While you copy the lines below, skip the pictures and keep the rest exact.

___ MATERIAL SHOWN ___

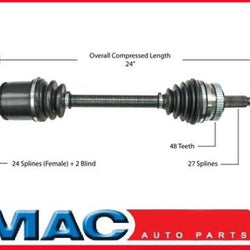 CV Drive Axle Shaft for 05-09 Hyundai Tucson 2.0L P/S with Manual Transmission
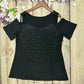 2024 new hot drill off-shoulder large size short sleeve T-shirt women's top
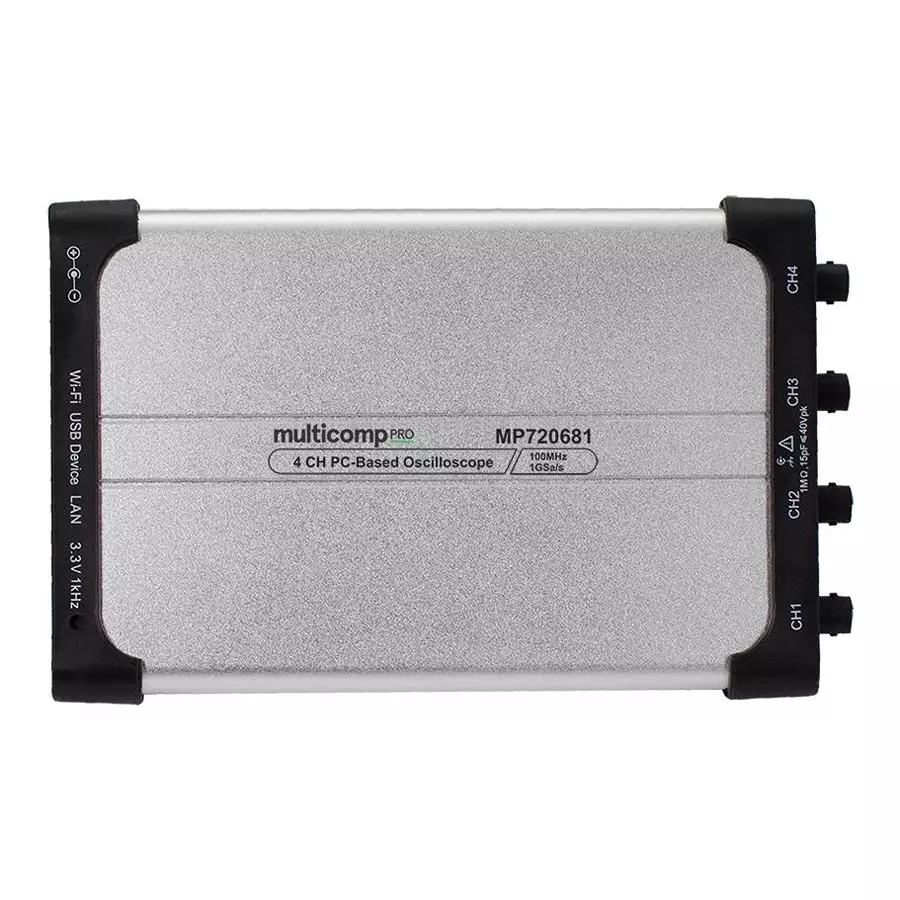 MULTICOMP PRO Pc Oscilloscope EU, UK Plug Type 3 Years Manufacturer Warranty 4 Channel Scope Channels, MP720681 EU-UK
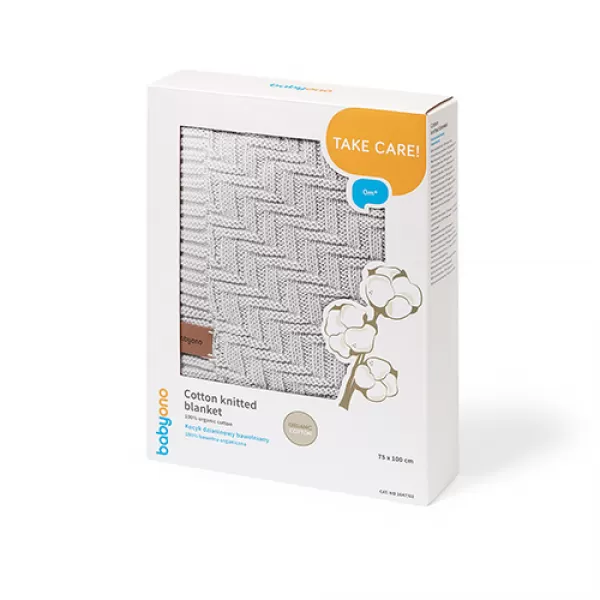 BABYONO Deka z organické bavlny pletená 75 x 100 cm 0m+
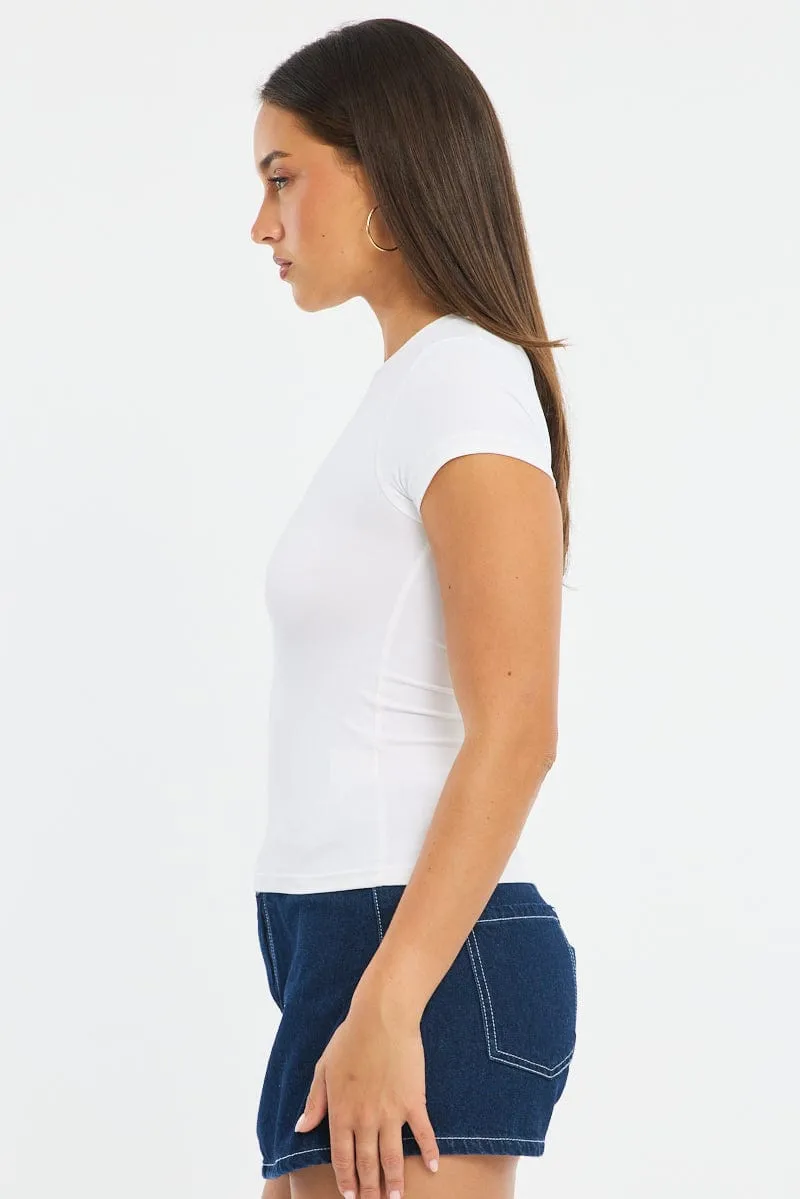 White T-shirt Cap Sleeve Supersoft sold by Ally Fashion product image thumbnail 3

___

▸ TASK ANSWER
 CV Drive Axle Shaft for 05-09 Hyundai Tucson 2.0L P/S with Manual Transmission
 2024 new hot drill off-shoulder large size short sleeve T-shirt women's top
 MULTICOMP PRO Pc Oscilloscope EU, UK Plug Type 3 Years Manufacturer Warranty 4 Channel Scope Channels, MP720681 EU-UK
 BABYONO Deka z organické bavlny pletená 75 x 100 cm 0m+
 White T-shirt Cap Sleeve Supersoft sold by Ally Fashion product image thumbnail 3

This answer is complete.